# [THE PROBLEM]
Keep to the lines from the one with "Spider Web map" through the end of the data, and write them out exactly.

(Stored entries)
--*--
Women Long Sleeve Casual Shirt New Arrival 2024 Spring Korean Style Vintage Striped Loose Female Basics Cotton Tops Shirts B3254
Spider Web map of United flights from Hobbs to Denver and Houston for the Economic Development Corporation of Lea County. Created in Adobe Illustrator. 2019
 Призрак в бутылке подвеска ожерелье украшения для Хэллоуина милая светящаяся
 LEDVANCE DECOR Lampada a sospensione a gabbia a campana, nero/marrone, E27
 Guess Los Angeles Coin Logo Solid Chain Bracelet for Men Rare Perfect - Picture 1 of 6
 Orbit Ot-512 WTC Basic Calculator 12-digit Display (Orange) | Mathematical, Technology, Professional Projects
--*--
# [RESULT FOR THIS TASK]
Spider Web map of United flights from Hobbs to Denver and Houston for the Economic Development Corporation of Lea County. Created in Adobe Illustrator. 2019
 Призрак в бутылке подвеска ожерелье украшения для Хэллоуина милая светящаяся
 LEDVANCE DECOR Lampada a sospensione a gabbia a campana, nero/marrone, E27
 Guess Los Angeles Coin Logo Solid Chain Bracelet for Men Rare Perfect - Picture 1 of 6
 Orbit Ot-512 WTC Basic Calculator 12-digit Display (Orange) | Mathematical, Technology, Professional Projects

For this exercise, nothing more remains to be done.